Mr. Fogg to Mr. Seward.

No. 47.]

Sir: Your circular No. 3.9, dated August 12, setting forth succinctly and clearly the progress of our government in circumscribing and crushing the rebellion, is received, and has been perused by me with great interest and satisfaction. Were not the governments of France and Great Britain committed to a policy hostile to the American Union, and had not the Emperor and the leading statesmen of both governments prophesied and proclaimed the success of the rebels, I should have no doubt that the progress and present condition of the “belligerents,” as exhibited by your circular, would convince them of the great mistake they made in the beginning, and of the duty of reconsidering and rescinding their action in the premises. As it is, and in view of the persistent aid and comfort accorded to the rebels in a [Page 1311] thousand ways by almost all the wealthy classes of one nation and by the government itself of the other, I have little expectation that any array of facts, or any appeals to their sense of justice, will extort the reversal of an act which was deliberately resolved on in the interest of the rebellion, and perpetrated at a moment and under circumstances which the most generous charity cannot palliate into less than a national insult.

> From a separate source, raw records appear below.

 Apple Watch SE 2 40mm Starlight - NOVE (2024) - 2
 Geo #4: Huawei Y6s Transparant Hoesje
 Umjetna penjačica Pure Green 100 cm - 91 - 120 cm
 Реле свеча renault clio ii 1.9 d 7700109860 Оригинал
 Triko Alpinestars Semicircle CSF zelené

When we shall have literally and utterly crushed out the rebellion, (a consummation which I pray God may not be far off,) then, and not till then, may we expect those two governments to repent of the wrong they have committed towards a friendly nation, and make reparation for that wrong. But so long as their concession of “belligerent rights” to the rebels can serve the rebellion and give credit and hope of ultimate triumph to the so-called southern confederacy, just so long will a deaf ear be turned to our representations and appeals.

I do not deem it, however, “love’s labor lost” to present to these powers, on every proper occasion, these exhibits of the progress made in putting down this gigantic rebellion. It is well to write history at the same moment that we are making it. Our nation’s day of sitting in judgment will come, and it will not be to our disadvantage to have a record already made up.

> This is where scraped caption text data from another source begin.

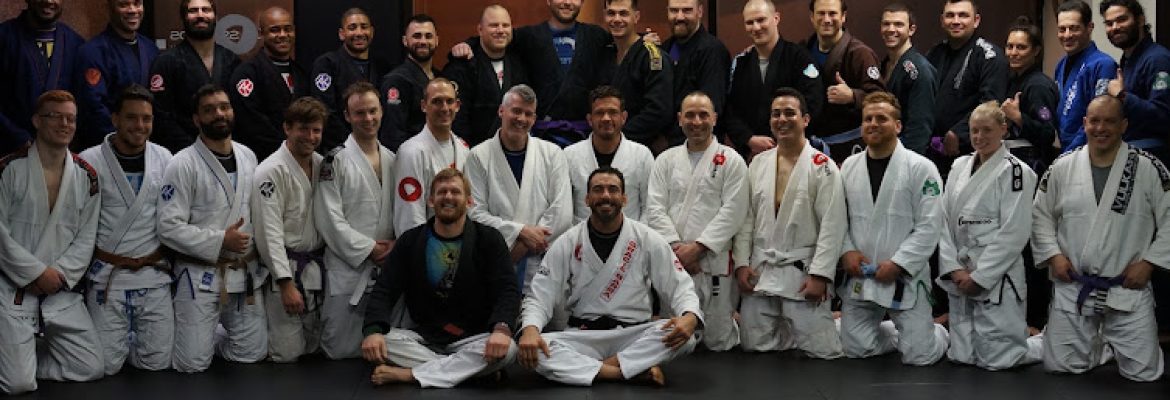 Crossroads Brazilian Jiu-jitsu
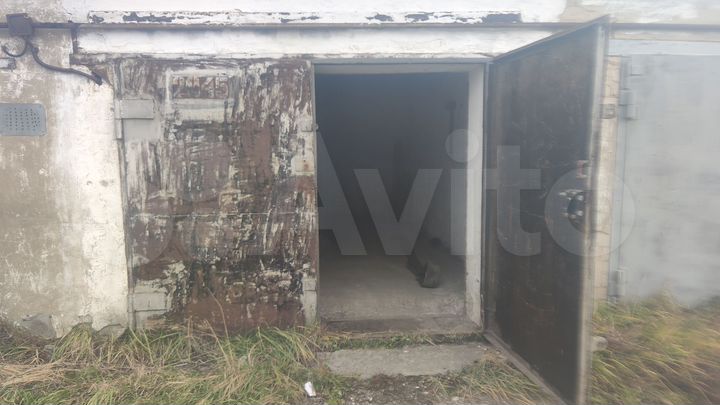 Гараж, 18 м²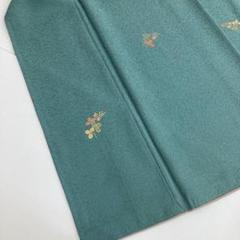 柿本市郎 飛び柄小紋 着物 袷 広衿 正絹 024 着物・浴衣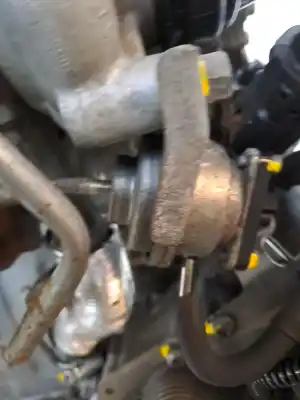 Second-hand car spare part complete engine for citroen c3 * oem iam references 9hp  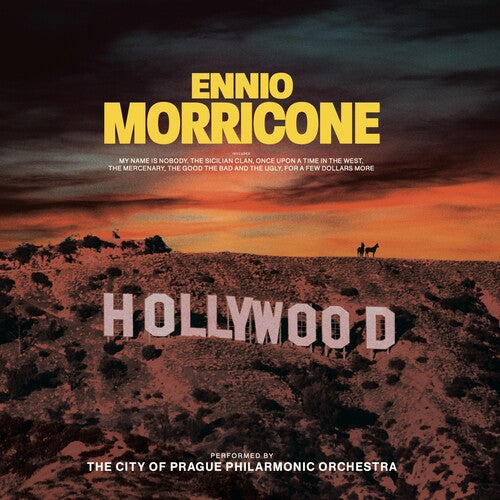 Ennio Morricone Hollywood Story (Original Soundtrack) - Double Record Album - Vinyl LP
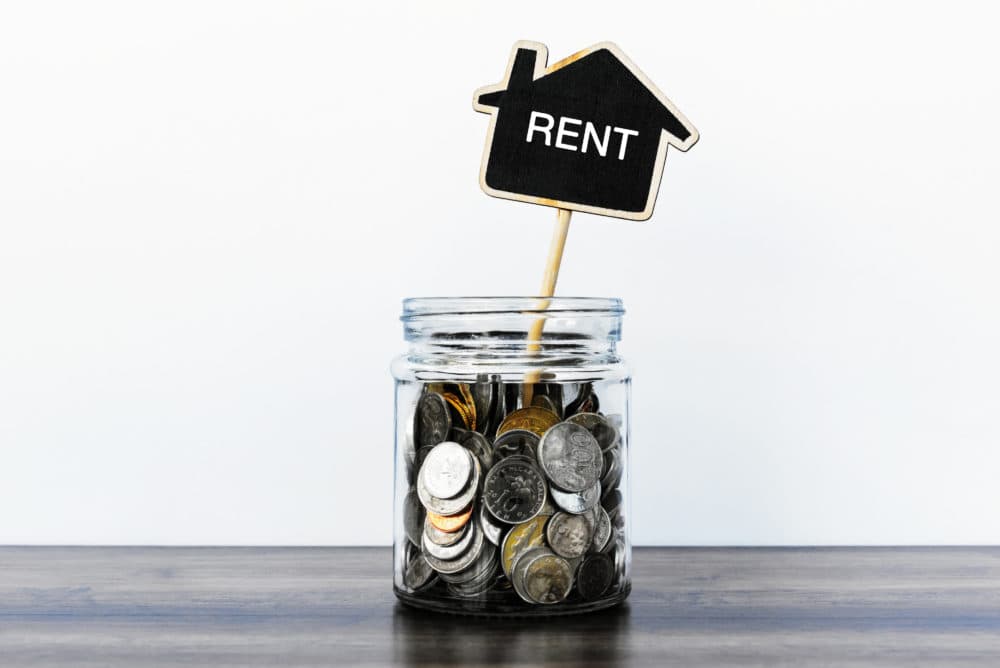 Renters in Massachusetts face the greatest urgency, representing 61,000 people and $57.2 million of the total. (Nora Carol Photography/Getty)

Earnestly and cordially congratulating you on the now moral certainty of a successful and righteous termination of our great struggle, and ardently praying that our beloved country may emerge from its baptism of blood and fire purer, freer, and greater than was possible without that baptism, I am your friend and obedient servant,

GEORGE G. FOGG.

Hon. William H. Seward, Secretary of State of the United States of America.